The court also deliberated on the question of whether the homicide was motivated by anti-Semitism—an aggravating circumstance, in French law—and concluded that it was. The defense argued that it was not, and that Traoré was anti-Semitic only because of his psychotic state. This would make a coincidence of the fact that his victim was the only Jew in the building. Not only is this contradicted by his antecedents, but it also disregards the fact that the content of people’s delusions reflects the culture, or subculture, in which they live. Indeed, it could hardly be otherwise: a seventeenth-century person suffering from paranoid delusions would not have complained of being followed by the KGB or the CIA. And, as Thomas De Quincey put it in 1829 in his Confessions of an English Opium Eater: “If a man whose talk is of oxen should become an opium-eater, the probability is that . . . he will dream of oxen.”

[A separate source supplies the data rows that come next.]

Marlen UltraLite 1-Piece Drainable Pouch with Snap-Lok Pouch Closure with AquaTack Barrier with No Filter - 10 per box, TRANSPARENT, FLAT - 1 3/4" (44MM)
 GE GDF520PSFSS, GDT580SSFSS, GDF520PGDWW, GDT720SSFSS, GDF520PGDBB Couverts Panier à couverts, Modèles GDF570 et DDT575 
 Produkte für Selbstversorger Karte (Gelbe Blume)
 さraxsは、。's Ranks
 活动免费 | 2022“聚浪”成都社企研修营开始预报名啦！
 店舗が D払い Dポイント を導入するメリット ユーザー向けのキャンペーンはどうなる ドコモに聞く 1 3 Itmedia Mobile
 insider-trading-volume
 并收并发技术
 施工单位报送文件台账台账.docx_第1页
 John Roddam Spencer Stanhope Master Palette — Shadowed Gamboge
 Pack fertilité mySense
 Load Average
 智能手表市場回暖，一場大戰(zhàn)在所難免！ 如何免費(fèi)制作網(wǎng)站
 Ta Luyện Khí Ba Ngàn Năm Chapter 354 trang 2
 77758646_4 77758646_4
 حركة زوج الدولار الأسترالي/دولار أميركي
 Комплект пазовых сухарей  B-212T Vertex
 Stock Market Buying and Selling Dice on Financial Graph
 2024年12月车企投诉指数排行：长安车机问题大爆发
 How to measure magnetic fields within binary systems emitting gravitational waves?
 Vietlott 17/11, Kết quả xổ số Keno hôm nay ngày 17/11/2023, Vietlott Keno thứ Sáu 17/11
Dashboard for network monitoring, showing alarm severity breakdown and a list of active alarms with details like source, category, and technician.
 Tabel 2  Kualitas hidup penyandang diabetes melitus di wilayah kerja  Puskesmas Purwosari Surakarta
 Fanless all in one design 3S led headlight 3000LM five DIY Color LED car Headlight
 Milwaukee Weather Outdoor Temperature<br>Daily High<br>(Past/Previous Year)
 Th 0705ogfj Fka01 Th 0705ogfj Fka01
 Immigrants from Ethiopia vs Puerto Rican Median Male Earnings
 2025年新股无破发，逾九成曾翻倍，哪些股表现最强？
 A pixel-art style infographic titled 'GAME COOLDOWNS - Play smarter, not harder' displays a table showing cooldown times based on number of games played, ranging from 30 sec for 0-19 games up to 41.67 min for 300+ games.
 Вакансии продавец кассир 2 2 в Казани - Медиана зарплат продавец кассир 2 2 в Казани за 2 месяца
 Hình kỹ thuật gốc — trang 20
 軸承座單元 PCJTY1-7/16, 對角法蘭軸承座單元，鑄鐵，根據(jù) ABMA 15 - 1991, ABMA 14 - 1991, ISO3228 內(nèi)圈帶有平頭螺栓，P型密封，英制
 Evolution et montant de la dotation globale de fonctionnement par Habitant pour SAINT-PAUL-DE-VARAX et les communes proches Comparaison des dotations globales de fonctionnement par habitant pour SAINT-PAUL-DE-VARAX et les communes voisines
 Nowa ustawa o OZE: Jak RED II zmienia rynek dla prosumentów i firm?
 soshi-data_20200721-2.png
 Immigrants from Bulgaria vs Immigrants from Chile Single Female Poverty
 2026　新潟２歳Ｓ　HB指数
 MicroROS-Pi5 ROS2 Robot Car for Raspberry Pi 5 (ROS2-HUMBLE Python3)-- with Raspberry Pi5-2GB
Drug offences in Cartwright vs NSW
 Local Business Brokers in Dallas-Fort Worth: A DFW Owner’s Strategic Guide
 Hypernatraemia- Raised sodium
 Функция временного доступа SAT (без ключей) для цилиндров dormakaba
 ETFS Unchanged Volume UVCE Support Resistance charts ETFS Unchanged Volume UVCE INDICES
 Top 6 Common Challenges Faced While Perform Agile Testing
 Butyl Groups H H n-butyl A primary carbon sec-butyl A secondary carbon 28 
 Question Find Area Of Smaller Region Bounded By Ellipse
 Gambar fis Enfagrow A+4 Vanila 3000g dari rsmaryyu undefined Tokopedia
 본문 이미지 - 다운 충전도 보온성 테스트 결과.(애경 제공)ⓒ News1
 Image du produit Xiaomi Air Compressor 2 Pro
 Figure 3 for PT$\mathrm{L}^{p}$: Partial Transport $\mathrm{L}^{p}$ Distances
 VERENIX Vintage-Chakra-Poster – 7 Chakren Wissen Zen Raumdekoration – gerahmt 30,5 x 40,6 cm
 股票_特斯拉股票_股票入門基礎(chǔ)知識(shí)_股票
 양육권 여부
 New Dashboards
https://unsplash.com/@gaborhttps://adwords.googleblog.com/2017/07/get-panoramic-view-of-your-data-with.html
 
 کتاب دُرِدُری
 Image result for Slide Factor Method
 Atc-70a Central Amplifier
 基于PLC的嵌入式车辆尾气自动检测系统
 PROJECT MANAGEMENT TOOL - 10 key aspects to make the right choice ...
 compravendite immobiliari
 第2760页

Traoré may be free in a few years, despite the court having sent him to a psychiatric hospital and sentenced him to surveillance for 20 years. If two independent psychiatrists conclude that he is no longer psychiatrically ill and poses no danger to the public, he could be released much sooner—and two psychiatrists will almost certainly make this determination well before the sentence expires.
The French news magazine L’Express, which has a very large circulation, asked: “Who will then supervise Traoré?” The answer, once he has left the hospital, is already known beyond reasonable doubt: no one. This is because such supervision is impossible. In fact, Traoré has already been able to obtain his drug of choice even within the high-security hospital in which he is held.
In any case, there should, in my opinion, be no question of supervising him once he is at liberty because there should be no question of him ever being at liberty. While he remains psychotic from the effects of cannabis—which can last a long time—he should be treated in the hospital. When he is better, he should be sent to prison, there to remain for the rest of his life, with no possibility of release.
In effect, the law and the judges in France have deftly handed over responsibility in the case to the medical profession, where it does not belong. The penal code should be adjusted so that the courts cannot do this again, and so that the effects of voluntary intoxication cannot be entered as a defense.